To say that the cosmetics industry has come a long way as far as reflecting diversity is an understatement.
Over the years, I’ve interviewed hundreds of women of color about their cosmetics “wishes.” The common desire: “We want to be able to buy quality brands of makeup and be assured that we can get foundation shades that work for us whatever our skin tone.” Companies paid attention, saw the business opportunity and eventually granted their wish.
Brands have expanded their color palates and there is rarely an ad today that doesn’t feature a range of ethnicities including women on the darker end of the color spectrum.
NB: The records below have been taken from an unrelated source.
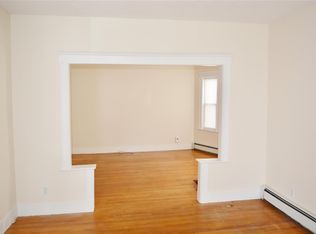 93 Princeton St #1, Medford, MA 02155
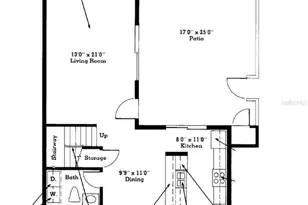 5263 Brook Ct, Orlando, FL 32811 - Photo 2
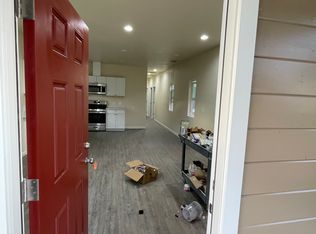 (Undisclosed Address), Salinas, CA 93906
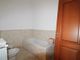 Thumbnail Apartment for sale in Vignole Borbera, Piemonte, 15060, Italy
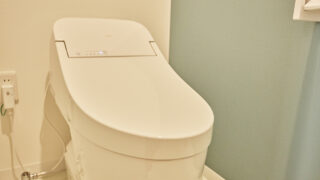 TOTOネオレストはどれがいい？LS・AS・RSでどのグレードがおすすめか比較解説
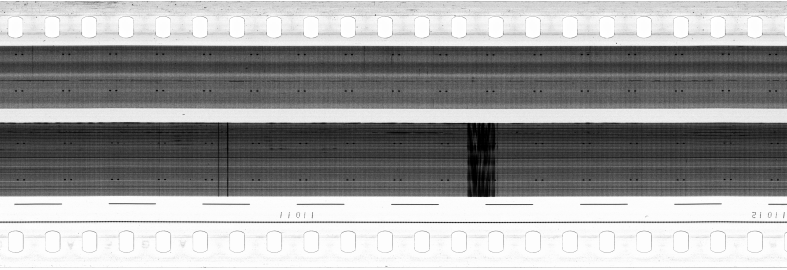 FR751142302_RDN_S_0545_1986_0260 PNG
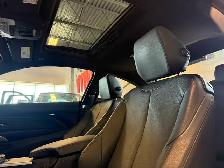 2019 BMW 430i M-Spot xDrive | Heads Up | Shadowline - Photo 13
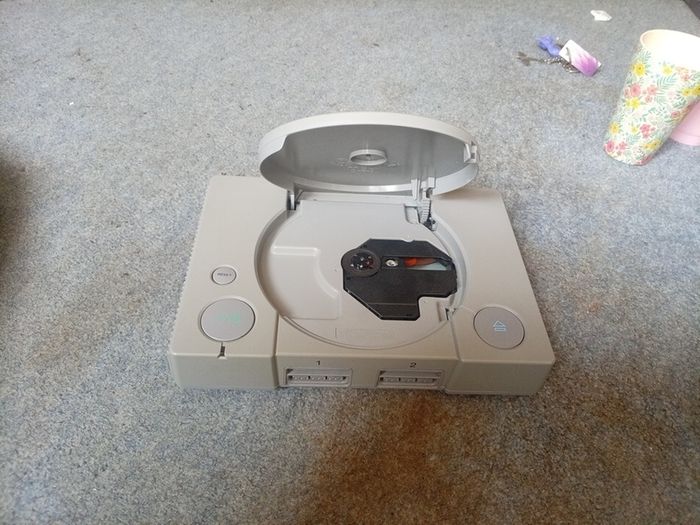 ps1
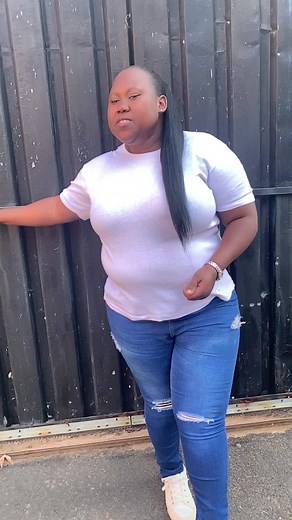 Outstanding Performance by Ama Siblings at SAMA28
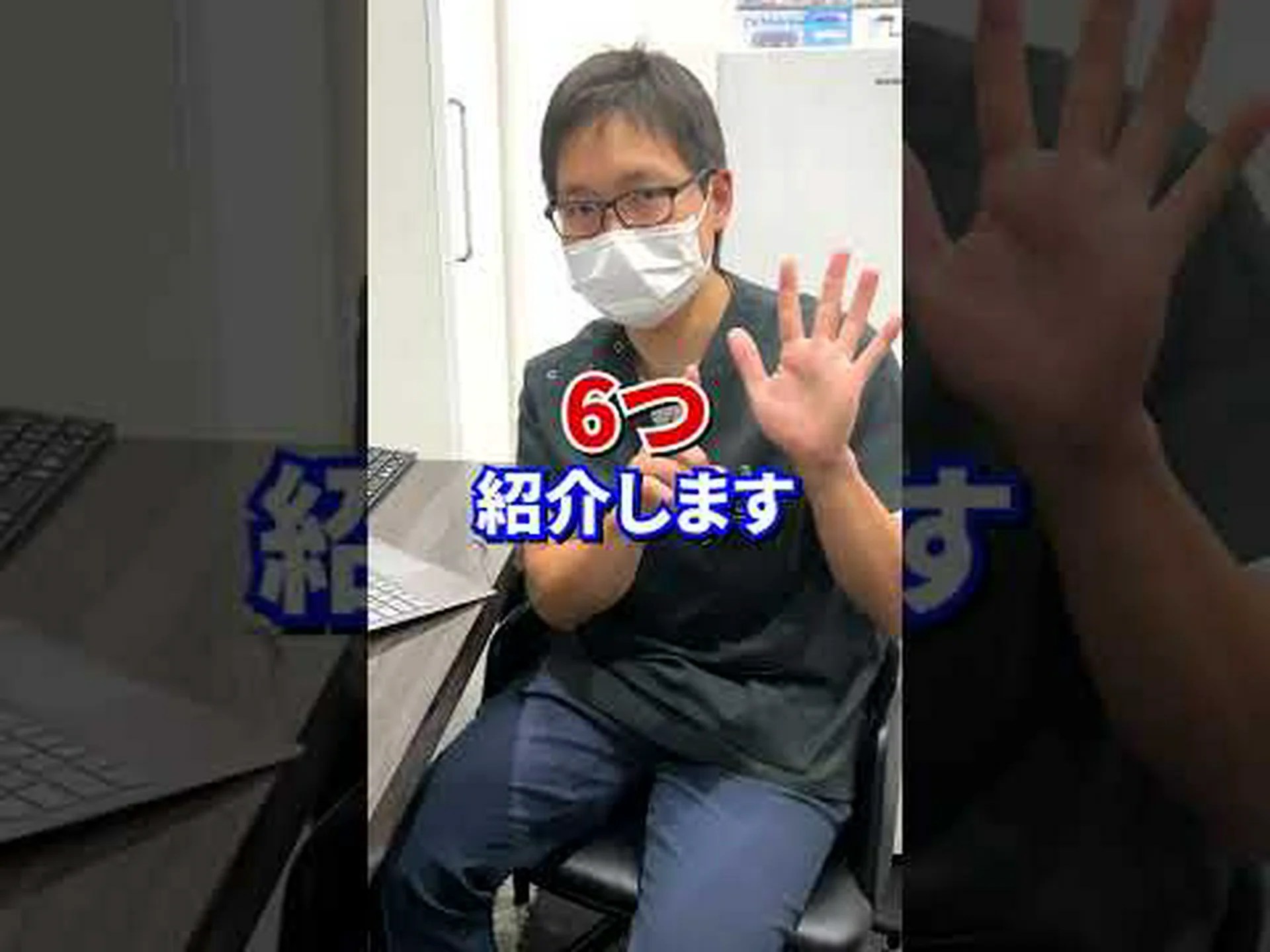 髪の毛は1日にどれくらい伸びるの?成長にばらつきが生じる原因は何でしょうか? 髪の毛は1日にどれくらい伸びるの?成長にばらつきが生じる原因は何でしょうか?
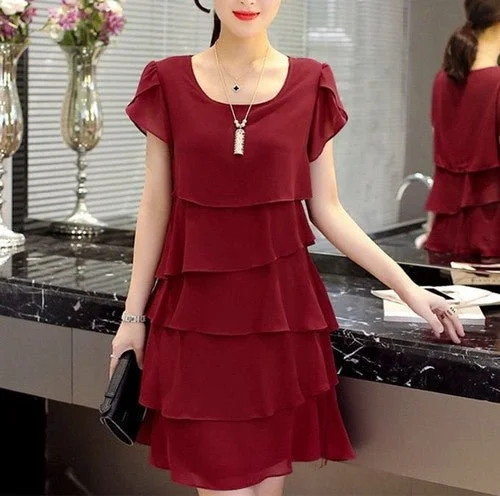 Sy8002dark red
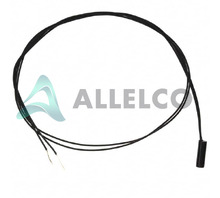 59010-1-T-03-F Image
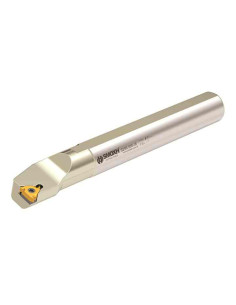 S32S SIR-16, vidinio sriegio tekinimo laikiklis, SMOXH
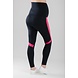 FittaMamma Sports legging 'Ultimate' FittaMamma Sports legging 'Ultimate'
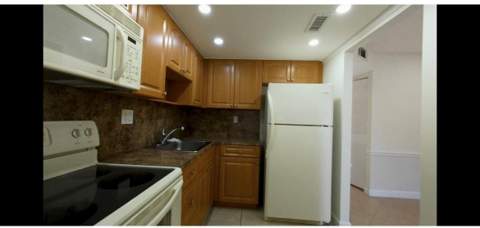 9101 Sunrise Lakes Boulevard, Sunrise FL - photo 14 of 14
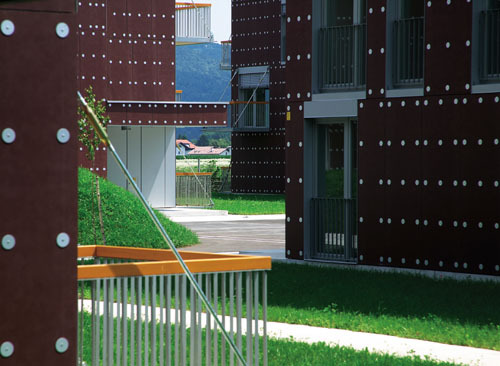 Ein Foto von Matevž Paternoster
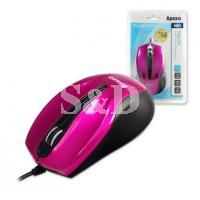 Optical Mouse 光学滑鼠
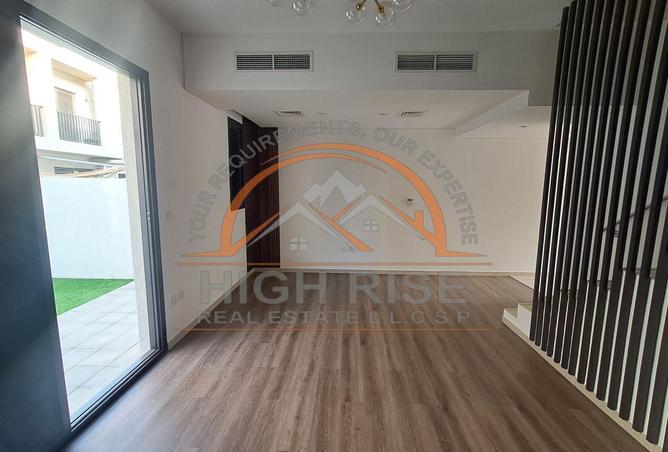 15892522 - Property Image 2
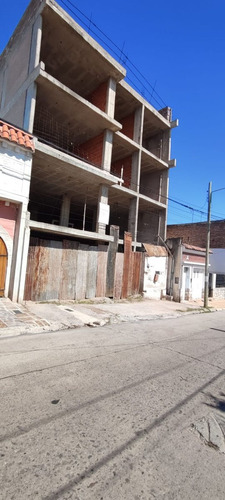 En Venta Casa A Demoler Apto Desarrollo B San Mart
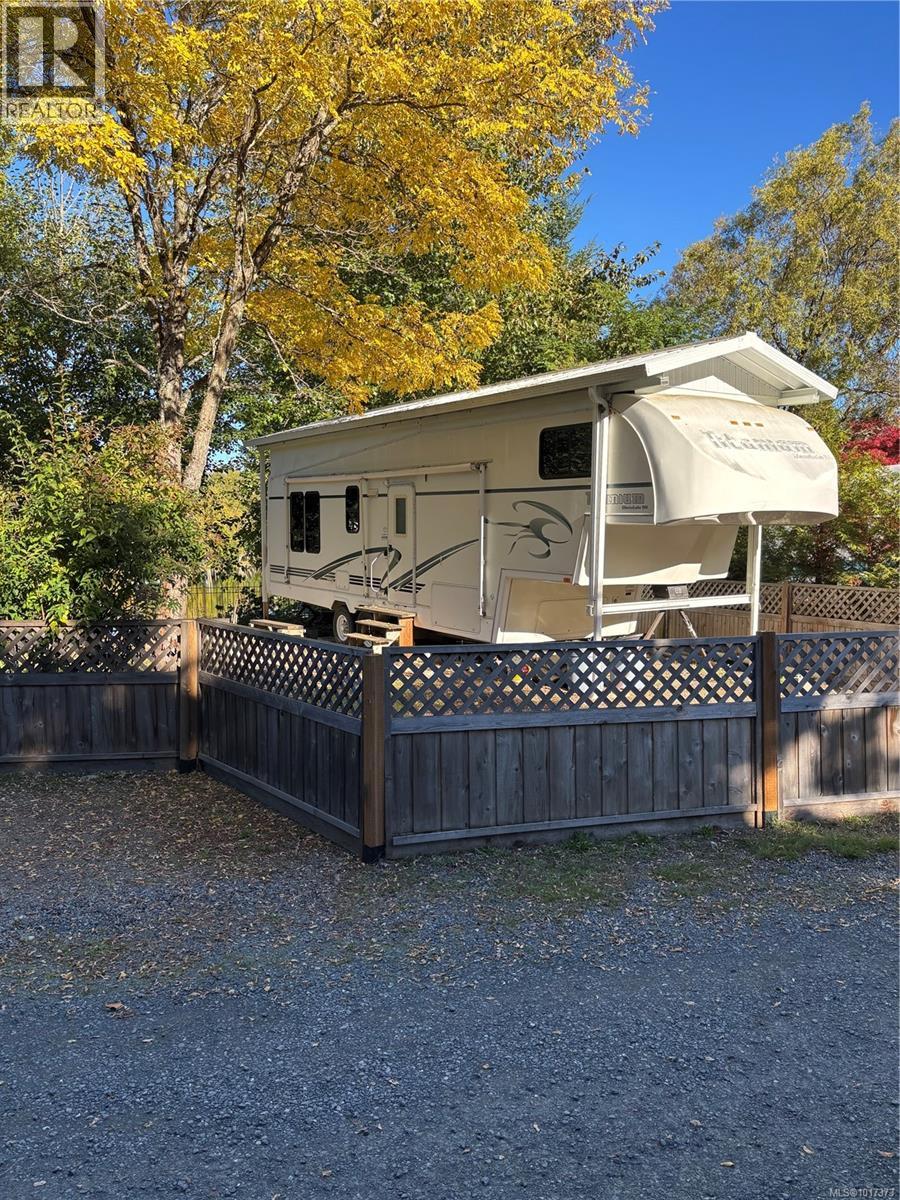 F14 2650 Turnbull Rd, Qualicum Beach, British Columbia  V9K 2R2 - Photo 1 - 1017373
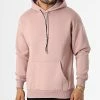 Top 10 🌟 Sweat Capuche LL694 Rose de Ikao 🛒 2 Top 10 🌟 Sweat Capuche LL694 Rose de Ikao 🛒 -Ikao Soldes Boutique ikao 334142 LL694 SALMON 20220825T154526 01
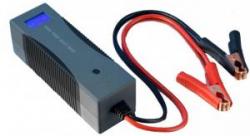 Бустер (пусковое устройство) Powertraveller Startмonkey 400 (STM400)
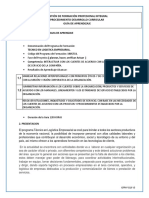 Guia Logistica Empresarial.2019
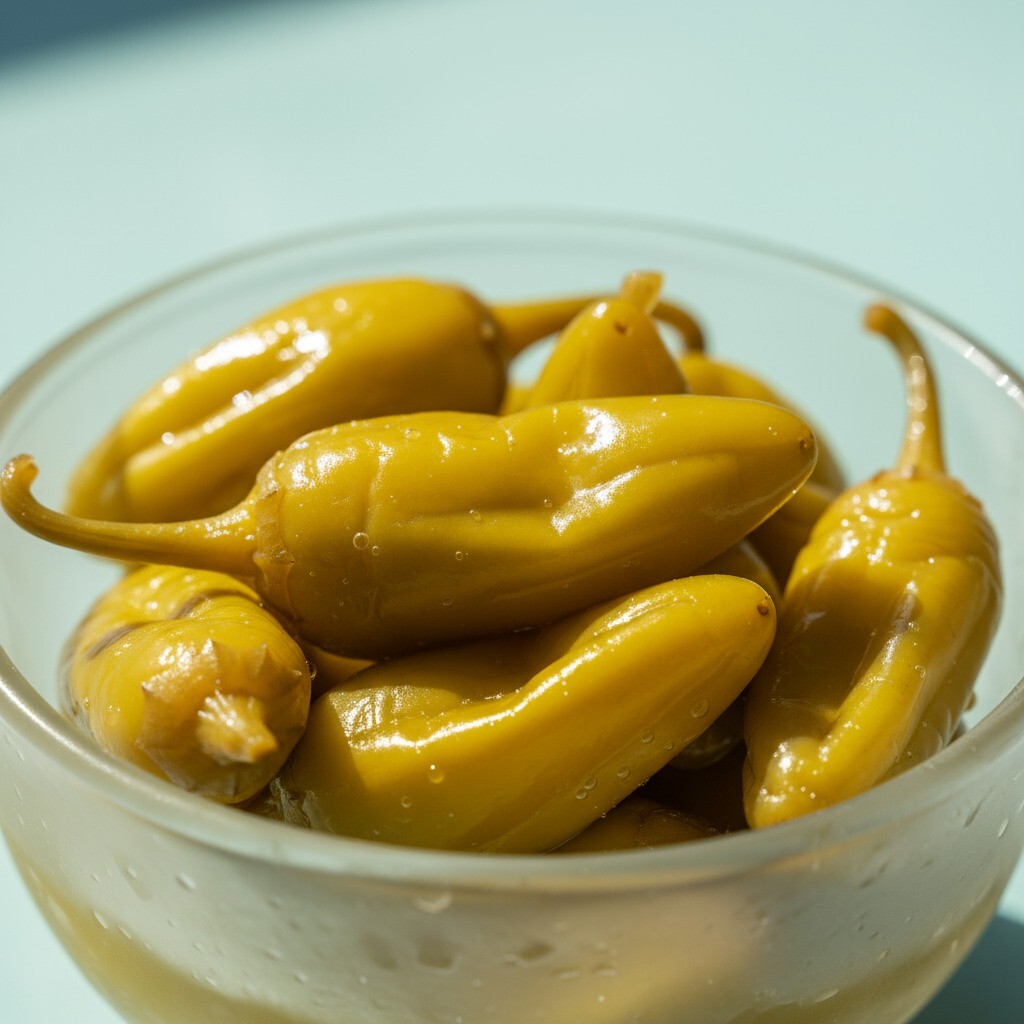 Turşu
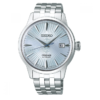 ساعت مچی مردانه سیکو SEIKO مدل SARY161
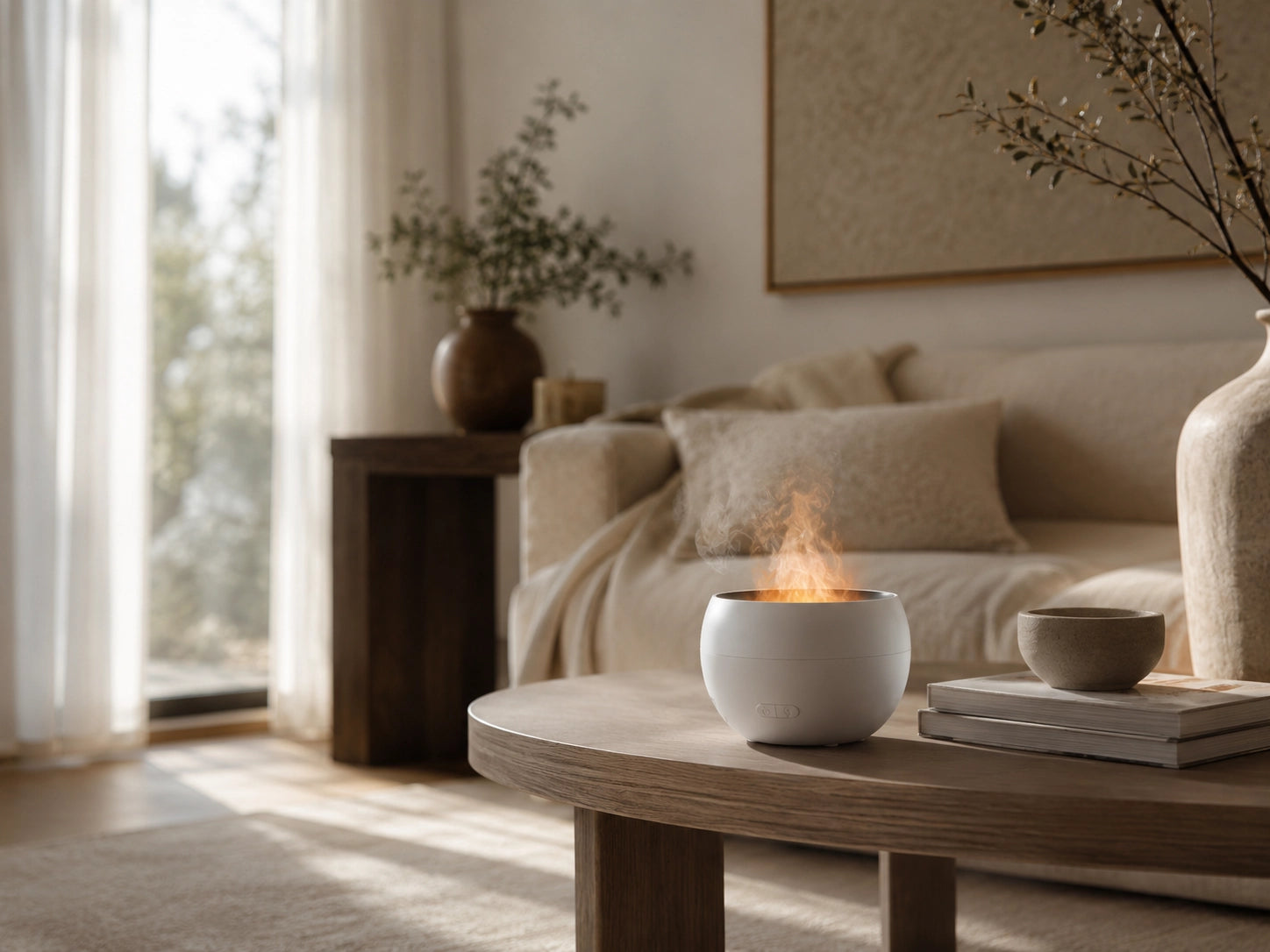 Your Home Deserves More Than Just a Scent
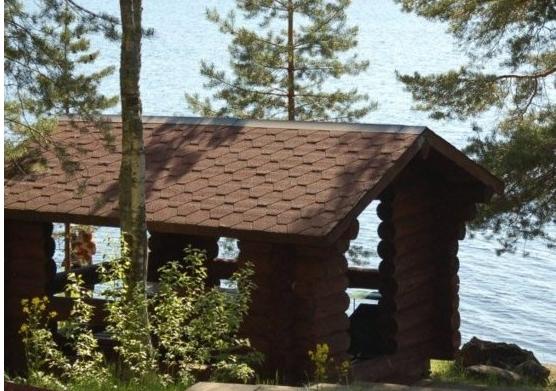 Cele mai bune centre de recreere din Karelia în 2026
Imagine my surprise when I read about Sudanese model Nykhor Paul’s experience. Ms. Paul revealed that she has to bring her own cosmetics to photo shoots because they do not carry shades for darker skin tones. While this was commonplace back in the day, it seems that back in the day includes nowadays! Ms. Paul took to social media to voice her displeasure, “Why do I have to bring my own makeup to a professional show when all the other white girls don’t have to do anything but show up wtf! Don’t try to make me feel bad because I am blue black. ”
Black women have been gracing fashion runways for decades. More recently, Lupita Nyongo has become the face of Lancôme, a role that has traditionally belonged to white models or celebrities. With this reality, there needs to be a mindset of inclusion within the community of makeup artists. It’s time for this community to mirror cosmetics manufacturers and cater to the entire colorful universe of potential clients.